岡村 顧客を中心に考えています。長期的に顧客のためになるのか、熱意を持って長く続けられるのか、それが社員の成長に役立つものなのか、そういったことを判断基準にしています。つまり、稲盛和夫さんの言う「動機善なりや私心なかりしか」を意識しています。目先の利益やメリット以上に、長く貢献できるかどうかを軸に考えれば間違いないと思っています。
—— 例えば利益を追求するのではなく、本当にお客さんのためになっているのかを考えるということでしょうか?
岡村 私たちは物を売るというよりも、信用を売ってきた、広げてきたというスタンスです。何かのブームに乗って短期的に利益を上げるのではなく、長期的な信頼を築くことを重視しています。それが私たちの体質に合っていると感じています。

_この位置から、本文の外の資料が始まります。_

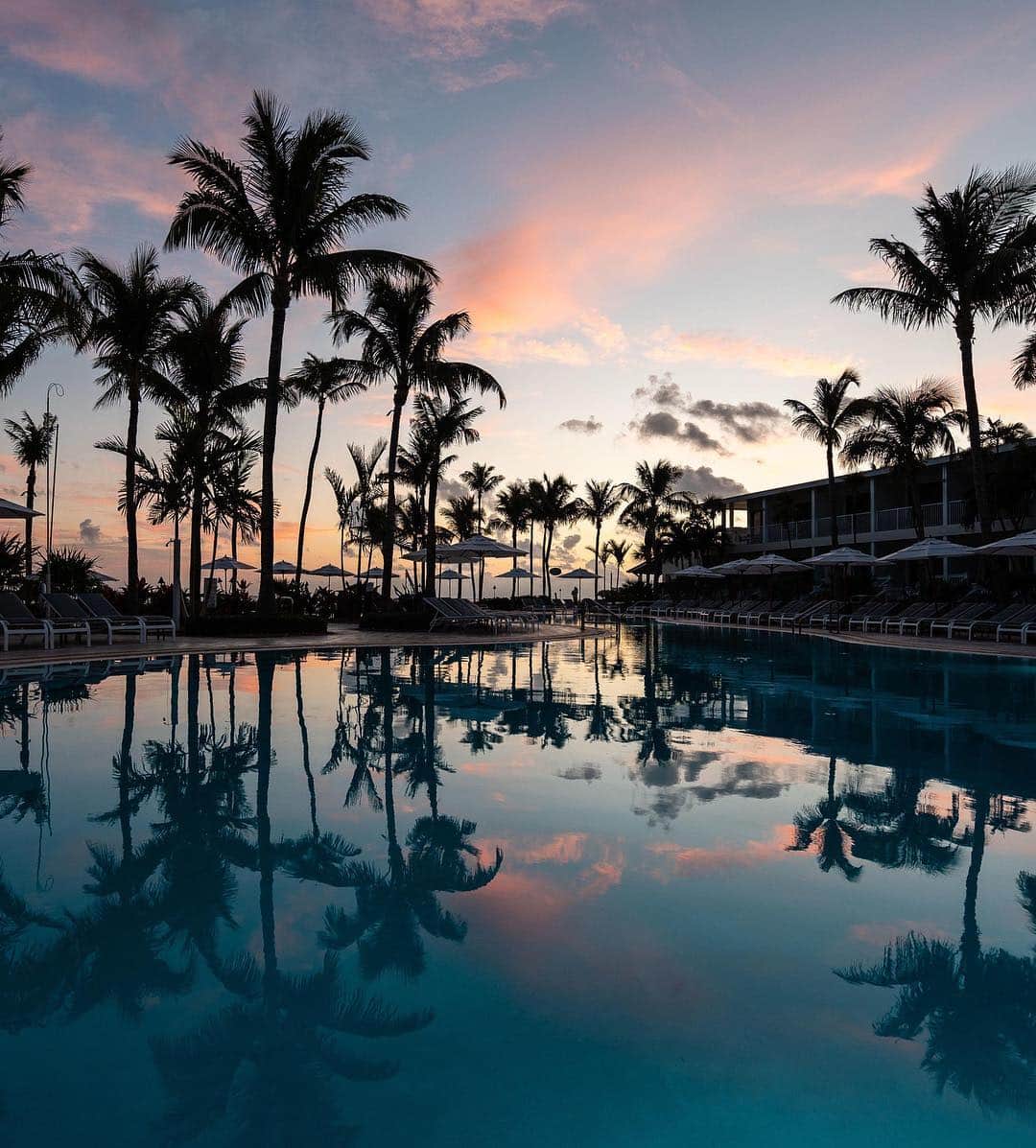 BEAUTIFUL HOTELSさんのインスタグラム写真 - (BEAUTIFUL HOTELSInstagram)「Just off the beautiful Overseas Highway drive 🚗 sits @hawkscayresort.  Rest between the palm trees (at one of the many pools) and enjoy the ocean breeze. What is your next relaxing vacation? (📷: @visitflorida📍: Hawks Cay Resort, Florida)」4月14日 1時44分 - beautifulhotels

—— お客様との長期的な関係を重視されているのですね。しかし、どこかでお客様を担当できるキャパシティの限界に達するのではないかと考えますが、その点についてはどうお考えですか?
岡村 確かに、私一人で営業を続けているならキャパシティの問題が出てくるでしょう。しかし、私たちは会社として、レックスメンバーが同じスタンスで多くのお客様に接しています。成長志向のあるお客様にしっかり向き合い、お互いに成長していくスタイルを取っています。事業領域や営業領域が広がり、同じスタンスの社員が増えてくれば、どんどん多くのお客様に対応できると考えています。
今後の事業展開や投資領域
—— 今後の事業展開について、どのような方向性でお考えですか?
岡村 当社は、人材事業を始めた当初から一貫して、企業の管理部門の採用に貢献し、管理系のプロフェッショナルの転職支援を続けています。コアコンピタンスとしては、会計人材の紹介や派遣にあります。そこを深掘りし、まずはその分野でトップクラスを目指すことが重要です。公認会計士資格者や税理士資格者をはじめとする会計人材から、さらに内部監査や法務、経営企画、人事など職種を広げ、企業の成長に欠かせない管理部門を支援することが基本です。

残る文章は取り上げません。